A 10,000k bulb has a bluish-white light--good for corals and giving a really crisp white viewing light...but not needed for plants (and will generally be more expensive, so I would go with any of the former options).


----------



## melissa68 (Feb 16, 2004)

I use T-8, 6500K bulbs from Home Depot. I have had the best plant growth using this spectrum. Of course, you can't beat the price. Less than $8 for two 4' lights!


----------



## skronkykong (Jan 1, 2007)

My big setup has 10,000K lights over it. Not because I picked them out but because its what the light fixture came with. The plants are still growing well. I think it will work fine but 6,500K would be better.


----------



## jehitch (Jun 8, 2007)

melissa68 said:


> I use T-8, 6500K bulbs from Home Depot. I have had the best plant growth using this spectrum. Of course, you can't beat the price. Less than $8 for two 4' lights!

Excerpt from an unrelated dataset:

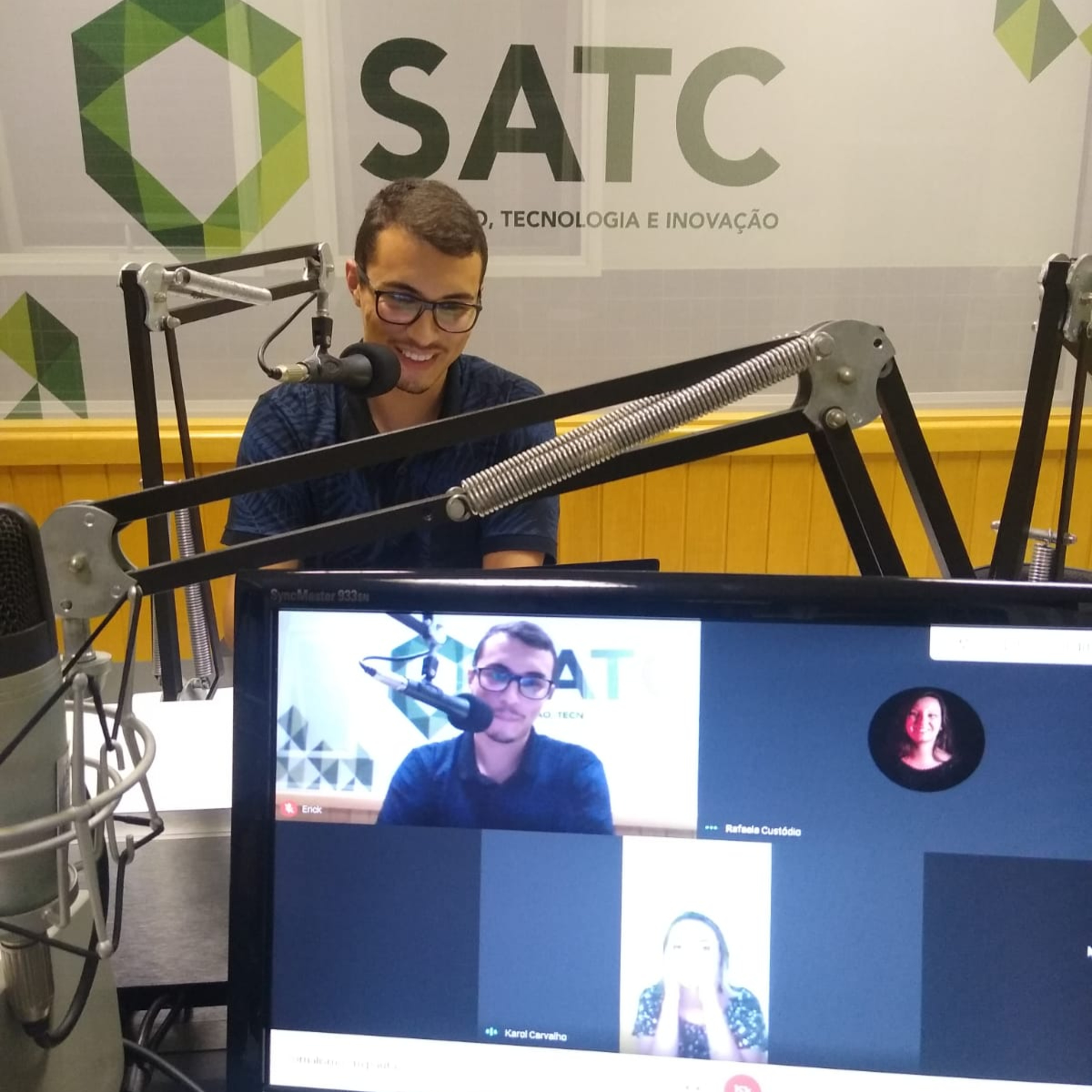 Jornalismo UniSatc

Me, too. I have two 4' shoplights over my rack of plants, and they grow like crazy. Have you noticed any difference when there's glass between the bulb and the plants? I've been trying to ballpark it, as one side of my room has just plastic wrap over the top of the vivs, while the other has glass. I haven't been able to note any difference in growth rate.


----------



## Julio (Oct 8, 2007)

currently all my lights are 10K and i have to trim the plants about every 2 weeks, i use 10k because they are more of a white bulb then 6500K, the tanks are well light and like i said the plants thrive on them.


----------



## Rich Frye (Nov 25, 2007)

Bottom line is that most all plants will be fine in anything 4000s and up. Low-mid 5000s-low-mid 6000s are natural spectrums. What ever spectrum you find visually appealing should be your choice, remembering that the spectrum of the bulb goes down (or get yellower) as it ages. 
Fixtures are an other matter.


----------



## melissa68 (Feb 16, 2004)

No - I haven't noticed any difference between plastic and glass. My choice for the lights I use are price. I have used 4100 k bulbs in the past, but my preference is 6500k. 

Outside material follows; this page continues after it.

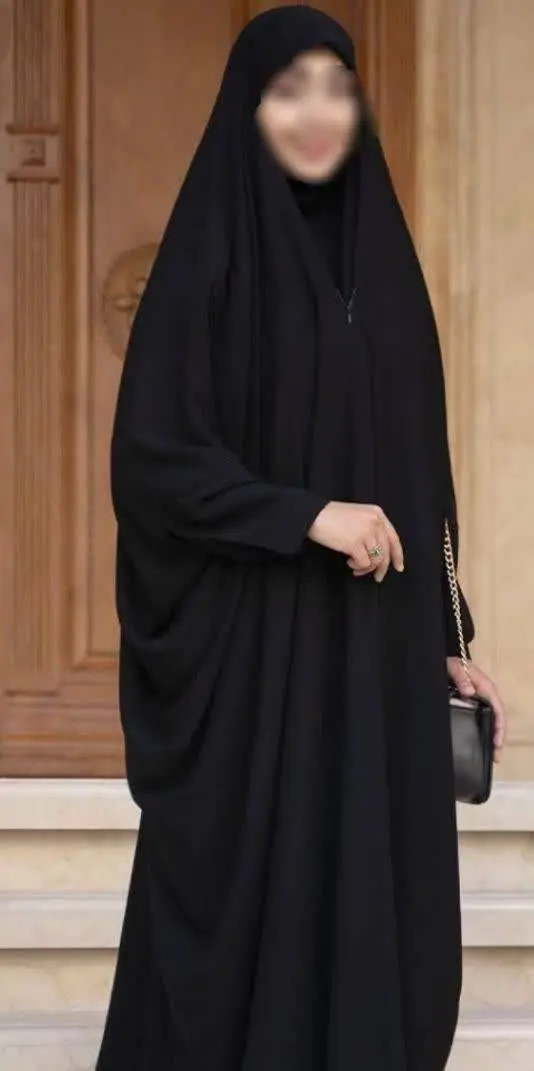 چادر  صدفی لبنانی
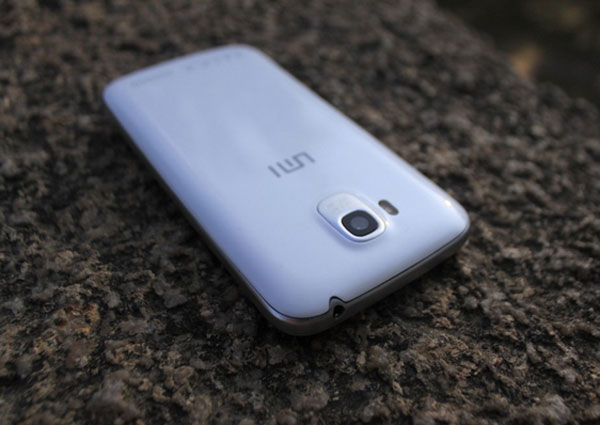 Umi 2X quadcore Umi 2X quadcore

Overall, the frog room is brighter using these lights.

Thanks


----------



## bbrock (May 20, 2004)

I use both 5,000K and 6700K bulbs. Like Rich said, both are within the range of strong natural sunlight and both look good in vivaria to me. Often I use one of each depending on what is cheaper or available.

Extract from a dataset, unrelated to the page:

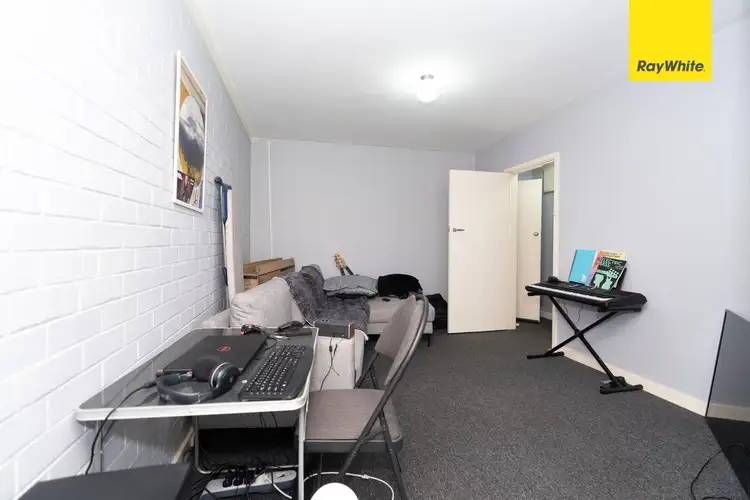 Third view of Homely apartment listing, 6E/66 Great Eastern Highway, Rivervale WA 6103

Here's a thread that might help understand the lighting a bit. 

http://www.dendroboard.com/phpBB2/viewt ... um&start=0

For the most part, plants don't give a rip what color temp you use. They are more intersted in the number of photons of light within the photosynthetically active wavelengths. So price, appearance, and brightness are the important factors.


----------



## Moe (Feb 15, 2004)

My viv is a 24Lx20Wx24H" which i will use a coralife 2x65 power compact fixture. It comes with 10k bulbs, however i can replace with 6.7k's. Just wanted to see if the 10k's were ok for plant growth - which i guess it is. 

Thanks guys


----------



## mydumname (Dec 24, 2004)

This link shows the coralife 24" CF fixture with one 6700K bulb (65 watts):


http://www.bigalsonline.com/StoreCatalo ... ght2_x_65w

This one shows the 24" with 2 6700K bulbs (130 watts):

http://www.drsfostersmith.com/product/p ... atid=13733




Since you said you will use, I am assuming you didn't purchase it yet and you may want to consider just buying it from a vendor that will supply you the appropriate bulbs.


----------



## *GREASER* (Apr 11, 2004)

I have three of the 48 coralife hoods that have have a total of four bulbs in each. Mine have a mix of the 50/50 bulbs and 10k bulbs in them. THey seem to work good but I expected to see better growth out of my plants fromthem. 


http://www.bigalsonline.com/BigAlsUS/ct ... 484x65watt


----------